How to deserialize only part of an XML document in C#

Question

Here's a fictitious example of the problem I'm trying to solve. If I'm working in C#, and have XML like this:

<?xml version="1.0" encoding="utf-8"?>
<Cars>
  <Car>
    <StockNumber>1020</StockNumber>
    <Make>Nissan</Make>
    <Model>Sentra</Model>
  </Car>
  <Car>
    <StockNumber>1010</StockNumber>
    <Make>Toyota</Make>
    <Model>Corolla</Model>
  </Car>
  <SalesPerson>
    <Company>Acme Sales</Company>
    <Position>
       <Salary>
          <Amount>1000</Amount>
          <Unit>Dollars</Unit>
    ... and on... and on....
  </SalesPerson>
</Cars>

the XML inside SalesPerson can be very long, megabytes in size. I want to deserialize the tag, but not deserialize the SalesPerson XML element instead keeping it in raw form "for later on".

Essentially I would like to be able to use this as a Objects representation of the XML.

[System.Xml.Serialization.XmlRootAttribute("Cars", Namespace = "", IsNullable = false)]
public class Cars
{
    [XmlArrayItem(typeof(Car))]
    public Car[] Car { get; set; }

    public Stream SalesPerson { get; set; }
}

public class Car
{
    [System.Xml.Serialization.XmlElementAttribute("StockNumber")]
    public string StockNumber{ get; set; }

    [System.Xml.Serialization.XmlElementAttribute("Make")]
    public string Make{ get; set; }

    [System.Xml.Serialization.XmlElementAttribute("Model")]
    public string Model{ get; set; }
}

where the SalesPerson property on the Cars object would contain a stream with the raw xml that is within the <SalesPerson> xml element after being run through an XmlSerializer.

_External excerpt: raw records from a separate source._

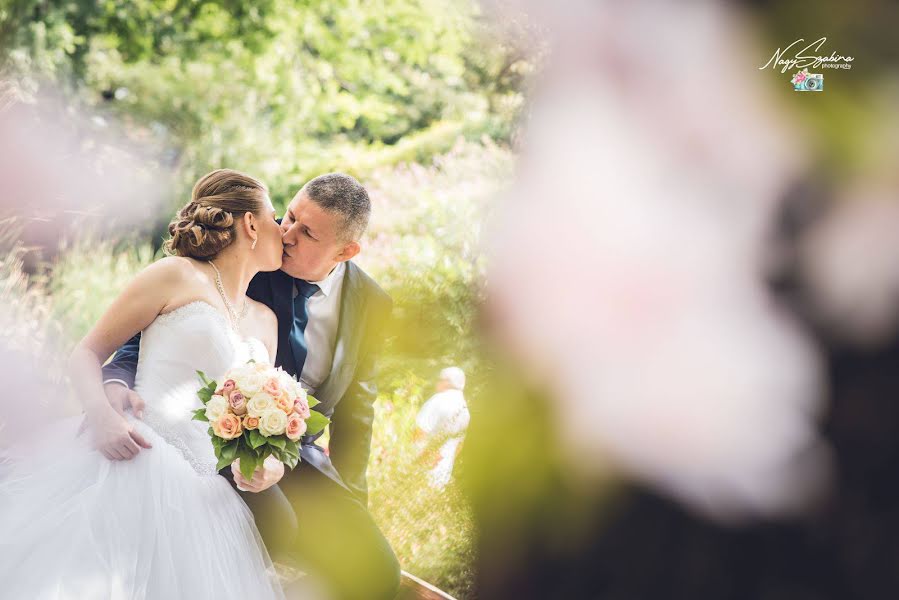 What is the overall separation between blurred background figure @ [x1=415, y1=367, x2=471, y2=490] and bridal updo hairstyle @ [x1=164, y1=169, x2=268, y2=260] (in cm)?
134

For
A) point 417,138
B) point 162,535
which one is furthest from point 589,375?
point 417,138

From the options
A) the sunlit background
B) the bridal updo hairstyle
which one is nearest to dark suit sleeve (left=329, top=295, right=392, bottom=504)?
the bridal updo hairstyle

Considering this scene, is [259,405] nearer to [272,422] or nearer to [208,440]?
[272,422]

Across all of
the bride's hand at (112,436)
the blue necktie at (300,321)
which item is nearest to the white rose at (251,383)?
the bride's hand at (112,436)

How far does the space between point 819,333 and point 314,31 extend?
8.30 m

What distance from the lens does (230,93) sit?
8.41m

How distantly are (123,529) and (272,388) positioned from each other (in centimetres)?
54

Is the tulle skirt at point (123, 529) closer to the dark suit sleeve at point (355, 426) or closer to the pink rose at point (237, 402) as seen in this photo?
the pink rose at point (237, 402)

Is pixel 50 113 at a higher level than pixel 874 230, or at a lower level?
lower

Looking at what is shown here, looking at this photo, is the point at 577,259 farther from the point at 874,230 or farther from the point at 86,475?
the point at 86,475

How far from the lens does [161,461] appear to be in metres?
2.24

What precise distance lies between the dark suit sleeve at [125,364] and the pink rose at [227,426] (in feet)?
1.67

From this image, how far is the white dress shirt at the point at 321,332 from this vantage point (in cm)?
282

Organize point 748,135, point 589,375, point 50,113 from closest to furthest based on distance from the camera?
1. point 748,135
2. point 589,375
3. point 50,113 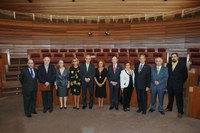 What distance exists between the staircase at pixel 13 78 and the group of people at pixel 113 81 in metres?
2.03

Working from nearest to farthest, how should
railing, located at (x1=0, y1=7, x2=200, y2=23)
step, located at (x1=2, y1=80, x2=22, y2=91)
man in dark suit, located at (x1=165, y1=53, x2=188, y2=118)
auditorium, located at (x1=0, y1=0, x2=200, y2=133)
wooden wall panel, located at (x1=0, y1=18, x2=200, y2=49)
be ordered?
auditorium, located at (x1=0, y1=0, x2=200, y2=133) < man in dark suit, located at (x1=165, y1=53, x2=188, y2=118) < step, located at (x1=2, y1=80, x2=22, y2=91) < wooden wall panel, located at (x1=0, y1=18, x2=200, y2=49) < railing, located at (x1=0, y1=7, x2=200, y2=23)

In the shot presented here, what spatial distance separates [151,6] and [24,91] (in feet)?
23.6

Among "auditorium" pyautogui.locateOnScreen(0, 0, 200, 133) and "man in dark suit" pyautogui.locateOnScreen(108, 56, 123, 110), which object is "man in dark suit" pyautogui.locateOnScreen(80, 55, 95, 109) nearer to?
"auditorium" pyautogui.locateOnScreen(0, 0, 200, 133)

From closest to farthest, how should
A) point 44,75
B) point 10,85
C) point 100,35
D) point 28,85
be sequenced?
point 28,85
point 44,75
point 10,85
point 100,35

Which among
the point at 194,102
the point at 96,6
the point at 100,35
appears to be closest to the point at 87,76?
the point at 194,102

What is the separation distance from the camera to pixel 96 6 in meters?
8.77

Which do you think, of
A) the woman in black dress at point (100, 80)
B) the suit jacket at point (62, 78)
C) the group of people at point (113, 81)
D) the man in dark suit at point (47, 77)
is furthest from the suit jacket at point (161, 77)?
the man in dark suit at point (47, 77)

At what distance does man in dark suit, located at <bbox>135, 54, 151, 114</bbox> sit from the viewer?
365 cm

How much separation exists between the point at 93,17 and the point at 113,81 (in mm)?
6104

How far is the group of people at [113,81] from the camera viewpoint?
3580 mm

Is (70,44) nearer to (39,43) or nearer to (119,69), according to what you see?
(39,43)

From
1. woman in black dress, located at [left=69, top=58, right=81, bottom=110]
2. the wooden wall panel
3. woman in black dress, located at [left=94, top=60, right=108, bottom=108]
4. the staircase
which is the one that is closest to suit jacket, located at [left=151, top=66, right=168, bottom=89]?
woman in black dress, located at [left=94, top=60, right=108, bottom=108]

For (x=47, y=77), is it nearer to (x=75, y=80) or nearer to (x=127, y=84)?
(x=75, y=80)

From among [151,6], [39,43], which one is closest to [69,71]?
[39,43] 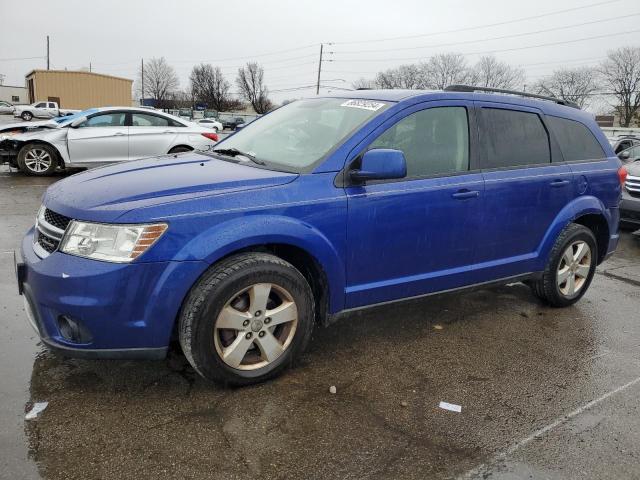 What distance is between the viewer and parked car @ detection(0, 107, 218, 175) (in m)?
10.8

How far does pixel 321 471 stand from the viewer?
2404 mm

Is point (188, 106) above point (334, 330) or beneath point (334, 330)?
above

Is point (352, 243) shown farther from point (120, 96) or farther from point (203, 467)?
point (120, 96)

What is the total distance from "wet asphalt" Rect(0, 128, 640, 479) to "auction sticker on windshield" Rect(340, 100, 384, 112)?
1.35 meters

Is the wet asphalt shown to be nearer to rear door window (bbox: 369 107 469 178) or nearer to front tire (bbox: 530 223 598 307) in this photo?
front tire (bbox: 530 223 598 307)

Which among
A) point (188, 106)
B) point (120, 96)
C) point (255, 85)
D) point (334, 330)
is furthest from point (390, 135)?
point (255, 85)

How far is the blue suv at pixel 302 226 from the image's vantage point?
2.69 meters

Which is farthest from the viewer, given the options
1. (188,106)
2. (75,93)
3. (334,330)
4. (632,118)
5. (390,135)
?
(188,106)

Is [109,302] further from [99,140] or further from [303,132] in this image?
[99,140]

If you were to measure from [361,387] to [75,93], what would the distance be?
5606 centimetres

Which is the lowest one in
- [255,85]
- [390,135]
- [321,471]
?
[321,471]

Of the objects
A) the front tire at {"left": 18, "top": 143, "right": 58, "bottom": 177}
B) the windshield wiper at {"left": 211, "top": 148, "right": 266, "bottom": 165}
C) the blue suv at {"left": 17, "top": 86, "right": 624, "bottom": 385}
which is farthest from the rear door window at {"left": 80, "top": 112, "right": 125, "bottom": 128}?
the windshield wiper at {"left": 211, "top": 148, "right": 266, "bottom": 165}

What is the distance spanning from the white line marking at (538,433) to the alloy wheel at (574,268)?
128 cm

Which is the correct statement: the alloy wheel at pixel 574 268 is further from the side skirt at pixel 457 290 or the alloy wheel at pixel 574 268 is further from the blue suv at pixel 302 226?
the side skirt at pixel 457 290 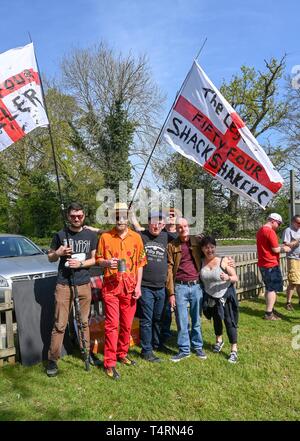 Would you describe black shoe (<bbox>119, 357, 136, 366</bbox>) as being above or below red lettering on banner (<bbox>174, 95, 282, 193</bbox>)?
below

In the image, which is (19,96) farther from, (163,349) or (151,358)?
(163,349)

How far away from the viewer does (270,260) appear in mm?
7934

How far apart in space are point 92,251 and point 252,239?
28317 millimetres

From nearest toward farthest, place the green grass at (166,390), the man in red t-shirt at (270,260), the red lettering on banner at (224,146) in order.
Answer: the green grass at (166,390) → the red lettering on banner at (224,146) → the man in red t-shirt at (270,260)

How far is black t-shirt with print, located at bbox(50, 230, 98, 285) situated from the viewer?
524cm

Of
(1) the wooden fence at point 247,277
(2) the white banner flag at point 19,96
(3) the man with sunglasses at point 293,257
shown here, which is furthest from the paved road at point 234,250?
(2) the white banner flag at point 19,96

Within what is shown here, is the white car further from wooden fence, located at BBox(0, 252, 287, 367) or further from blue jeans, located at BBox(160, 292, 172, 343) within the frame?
blue jeans, located at BBox(160, 292, 172, 343)

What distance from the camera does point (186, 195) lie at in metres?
34.3

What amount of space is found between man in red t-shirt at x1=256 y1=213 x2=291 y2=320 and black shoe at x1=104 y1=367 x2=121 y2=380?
375cm

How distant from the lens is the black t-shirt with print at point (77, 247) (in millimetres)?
5238

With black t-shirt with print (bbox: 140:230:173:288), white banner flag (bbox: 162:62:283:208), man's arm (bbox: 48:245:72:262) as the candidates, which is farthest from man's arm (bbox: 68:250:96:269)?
white banner flag (bbox: 162:62:283:208)

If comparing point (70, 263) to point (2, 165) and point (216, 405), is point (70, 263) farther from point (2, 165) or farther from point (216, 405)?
point (2, 165)

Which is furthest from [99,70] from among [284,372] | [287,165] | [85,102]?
[284,372]

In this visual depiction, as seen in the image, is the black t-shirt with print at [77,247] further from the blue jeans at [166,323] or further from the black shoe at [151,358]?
the blue jeans at [166,323]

Can this be done? Can I choose to only deserialize "part of" an xml document?

Thanks! -Mike

p.s. example xml stolen from How to Deserialize XML document

score 43 · Accepted Answer · answered Feb 12 '10 at 11:53

It might be a bit old thread, but i will post anyway. i had the same problem (needed to deserialize like 10kb of data from a file that had more than 1MB). In main object (which has a InnerObject that needs to be deserializer) i implemented a IXmlSerializable interface, then changed the ReadXml method.

We have xmlTextReader as input , the first line is to read till a XML tag:

reader.ReadToDescendant("InnerObjectTag"); //tag which matches the InnerObject

Then create XMLSerializer for a type of the object we want to deserialize and deserialize it

XmlSerializer   serializer = new XmlSerializer(typeof(InnerObject));

this.innerObject = serializer.Deserialize(reader.ReadSubtree()); //this gives serializer the part of XML that is for  the innerObject data

reader.close(); //now skip the rest

this saved me a lot of time to deserialize and allows me to read just a part of XML (just some details that describe the file, which might help the user to decide if the file is what he wants to load).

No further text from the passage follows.